Juízes poderão simplesmente desconsiderar a MP (medida provisória), assinada pelo presidente FHC no último dia 26, que desobriga o governo a cumprir decisões judiciais provisórias quando houver risco de prejuízo aos cofres públicos.
Esta é a opinião majoritária entre advogados ouvidos pela Folha. A MP teve como principal objetivo limitar o poder de a Justiça conceder liminares determinando o pagamento provisório do reajuste de 28,8% concedido aos militares em 92 e, desde então, exigido pelos servidores civis federais.
Em um de seus artigos, a MP condiciona a concessão da liminar ao depósito, por parte do beneficiado, de uma garantia (imóvel ou fiança, por exemplo) para o caso de a sentença judicial definitiva lhe ser desfavorável e os recursos precisarem ser restituídos.
Quando concedida, a liminar obriga o poder público a restituir o direito provisoriamente, antes mesmo do julgamento do mérito da ação (sentença definitiva).
A MP seria inconstitucional porque desrespeita artigo da Constituição que determina que todos são iguais perante a lei para entrar na Justiça com um mandado de segurança com objetivo de proteger um direito seu ameaçado por autoridade pública.
Segundo os advogados, a MP estaria criando duas classes de cidadão. "É uma MP que traz embutida uma enorme exclusão social", diz o professor Dalmo Dallari, da Faculdade de Direito da USP. "Quem não tiver como oferecer uma garantia, não poderá obter uma liminar", continua.
Para o advogado Ives Gandra Martins, "uma medida que restrinja o que não tem restrição pode ser considerada inconstitucional".
Segundo Martins, a concessão de liminares é decisão exclusiva do juiz, que pode até exigir o depósito de uma garantia. O Poder Executivo, entretanto, não pode impor condições. "O juiz poderá simplesmente ignorar esta MP", diz.
Precedente
Martins lembra um precedente. No Plano Collor, muitas pessoas conseguiram obter liminares para poder sacar dinheiro bloqueado em suas contas bancárias.

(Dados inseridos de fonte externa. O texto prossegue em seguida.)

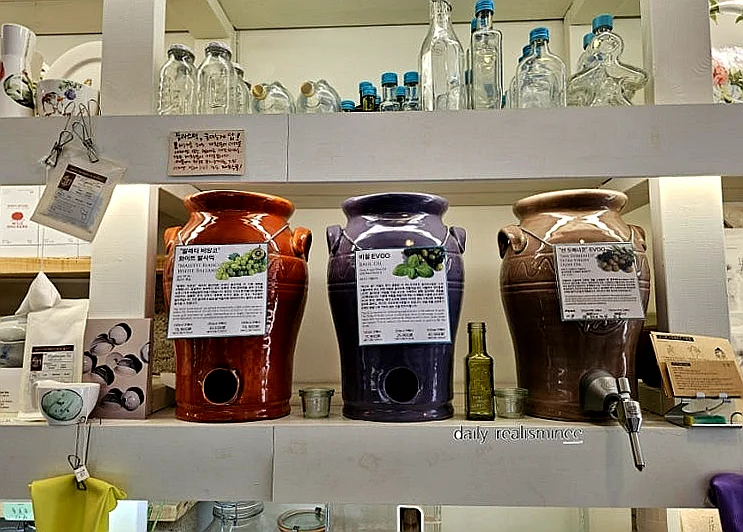 Discover 1.5ºC: Sindaebang's Essential Zero-Waste & Refill Station for Sustainable Living in Seoul - 1.5ºC, Zero-Waste Seoul
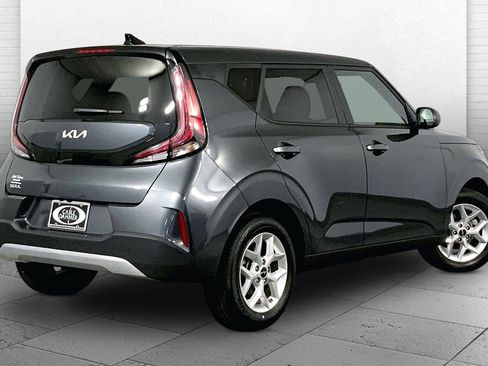 Used 2025 Kia Soul LX w/ LX Technology Package FWD image 13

"Naquela oportunidade, o governo também baixou uma MP restringindo a concessão de liminares para liberação do dinheiro bloqueado. Muitos juízes consideraram a medida inconstitucional e a ignoraram", diz Martins.
O advogado Miguel Reale Jr. considera a exigência da garantia uma "injustiça que beira a inconstitucionalidade pois impede que as pessoas mais pobres recorram à Justiça".
Diz, no entanto, que a legislação que regula o mandado de segurança limita a concessão de liminares em caso de reajuste salarial.
"Nesse caso, há a justificativa do equilíbrio orçamentário. A Justiça não pode determinar que o Executivo pague algo que não está previsto no Orçamento", afirma.
O presidente do Instituto Brasileiro de Direito Constitucional, Celso Bastos, também é contrário à concessão de liminares para reajuste salarial do funcionalismo.
Para ele, com frequência juízes concedem liminares sem consistência jurídica. "O juiz não enfrenta limites orçamentários, mas o Estado não tem como bancar todas as suas decisões de caráter provisório", afirma.
Segundo Bastos, a MP está correta porque a concessão de liminares tornou-se indiscriminada e precisa ser limitada. "Com a exigência da garantia, ninguém vai empenhar bens numa liminar em que não crê", diz.
Na opinião do advogado José Carlos Graça Wagner, a MP deverá mesmo ser desconsiderada pelos juízes porque fere vários aspectos da Constituição.
"Entre outros direitos violados, ela trata funcionários públicos de forma diferente e, quando impõe uma condição material para alguém ter um direito apreciado, dificulta o acesso dos mais pobres ao Judiciário. Isso é discriminação."